Aim of the task:
Please restate every record below word for word and skip the pictures.

□ □ □

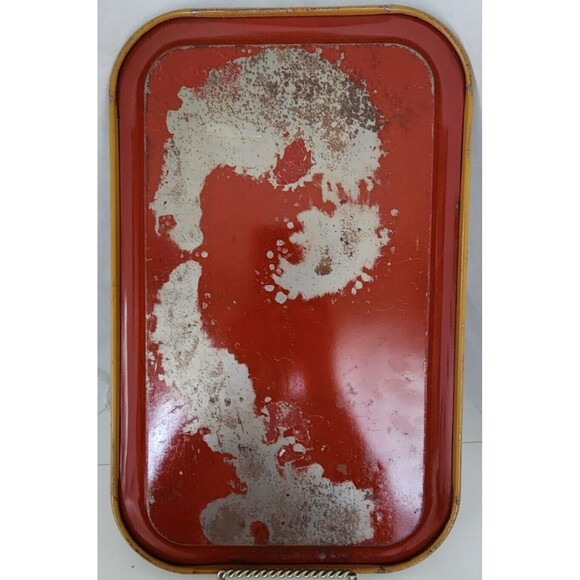 Vintage Red Metal Tray Mustard Yellow Daffodils Green Leaves 14" x 9" - Picture 2 of 12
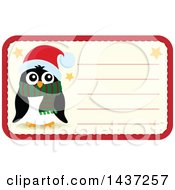 Poster, Art Print Of Christmas Penguin Tag Or Label With Text Space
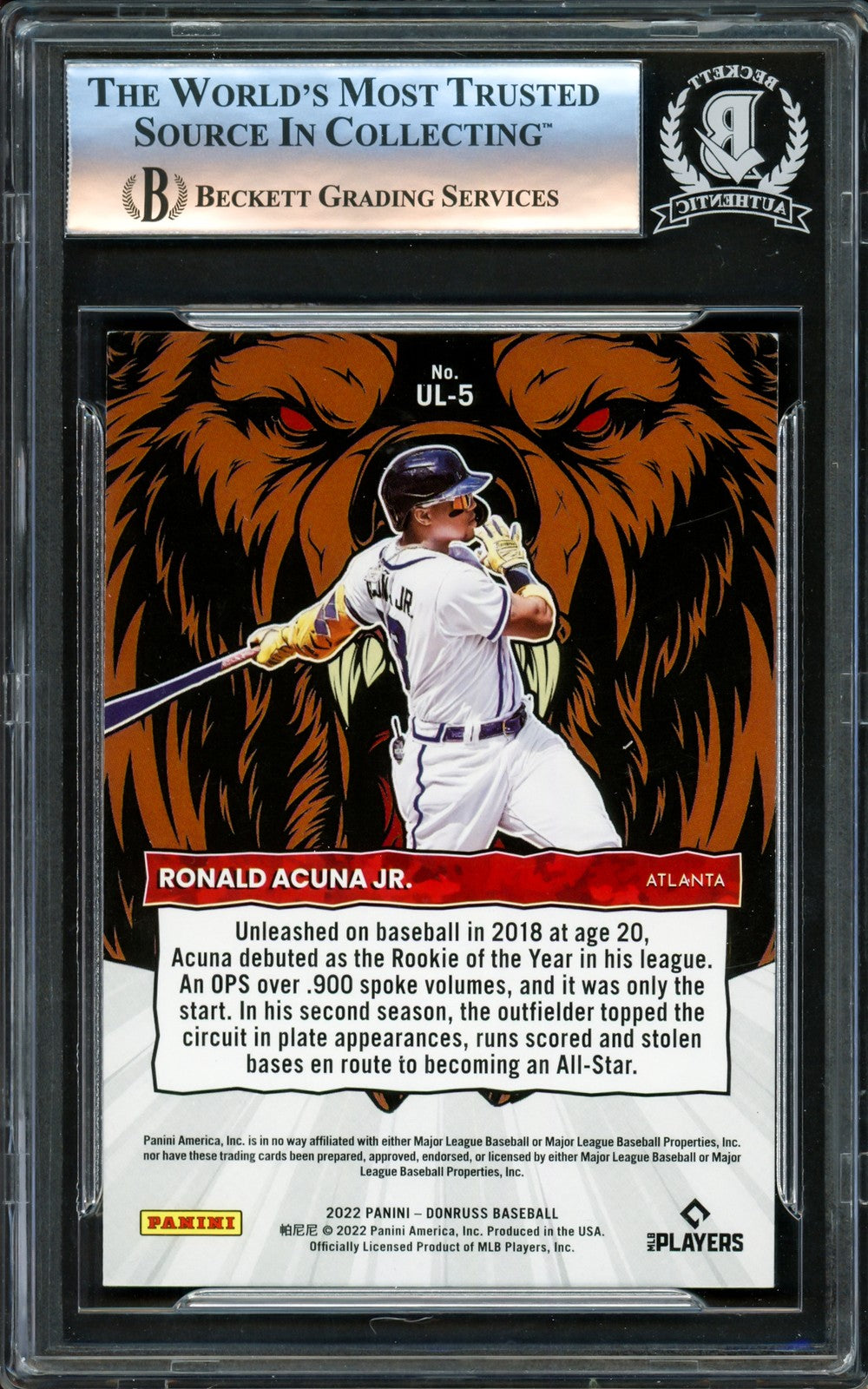 Ronald Acuna Jr. Signed 2022 Donruss Unleashed Card #UL-5 Atlanta Braves Beckett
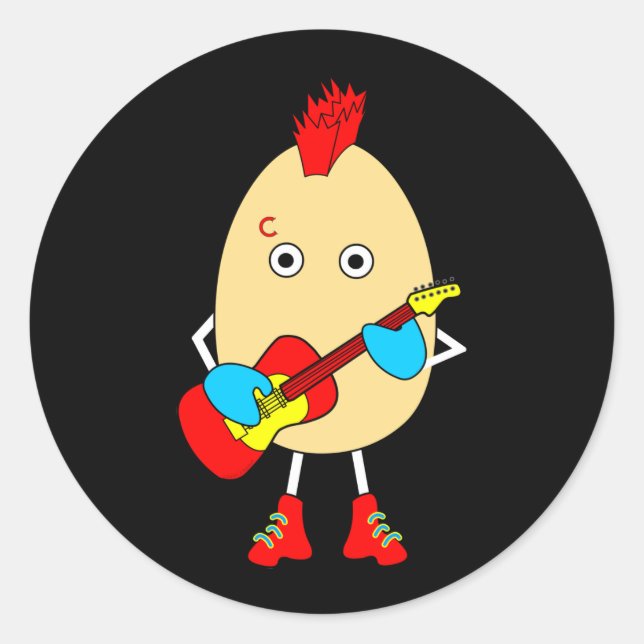 Rock Musician Egghead Runder Aufkleber (Vorderseite)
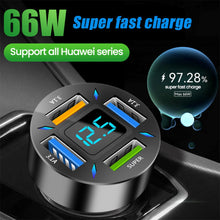 Load image into Gallery viewer, Fast Charging 4-USB Port Car Charger Adapter With LED Display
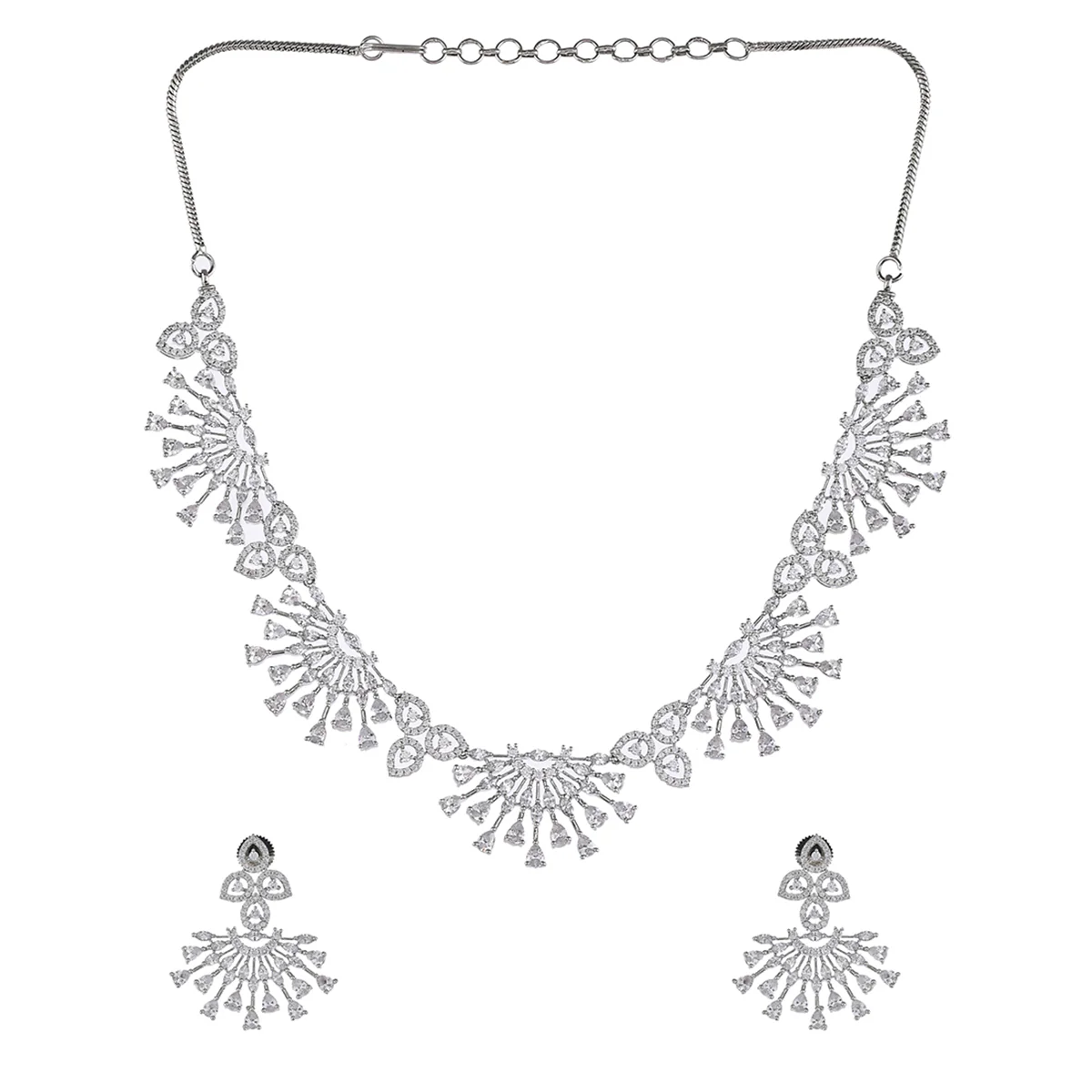 CZ Elegance Contemporary Design Jewellery Set - Image 3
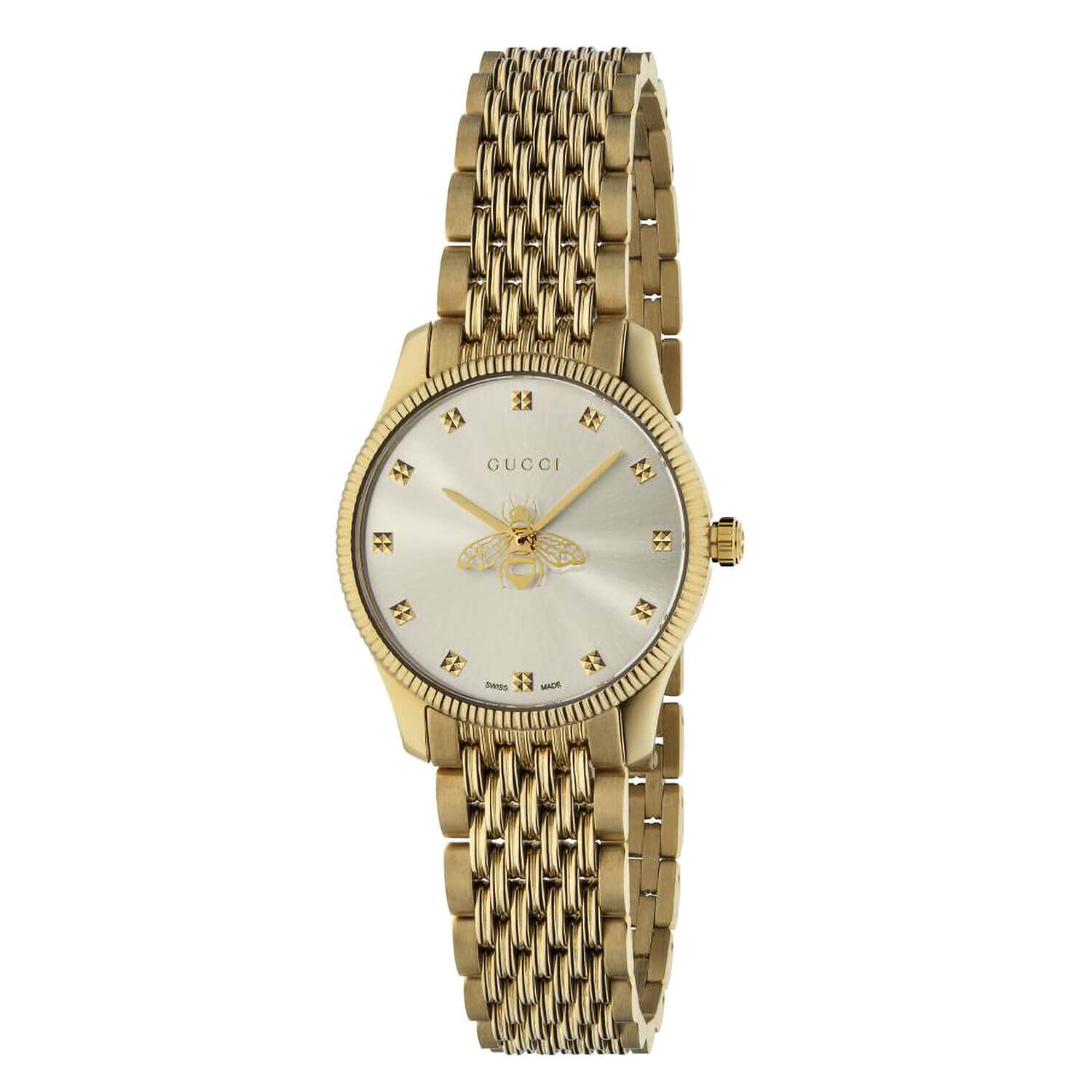 Gucci Timeless 29mm Silver Bee Detail Yellow Gold PVD Watch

□ □ □

Answer below:
 Vintage Red Metal Tray Mustard Yellow Daffodils Green Leaves 14" x 9" - Picture 2 of 12
 Poster, Art Print Of Christmas Penguin Tag Or Label With Text Space
 Ronald Acuna Jr. Signed 2022 Donruss Unleashed Card #UL-5 Atlanta Braves Beckett
 Rock Musician Egghead Runder Aufkleber (Vorderseite)
 Load image into Gallery viewer, Fast Charging 4-USB Port Car Charger Adapter With LED Display
 CZ Elegance Contemporary Design Jewellery Set - Image 3
 Gucci Timeless 29mm Silver Bee Detail Yellow Gold PVD Watch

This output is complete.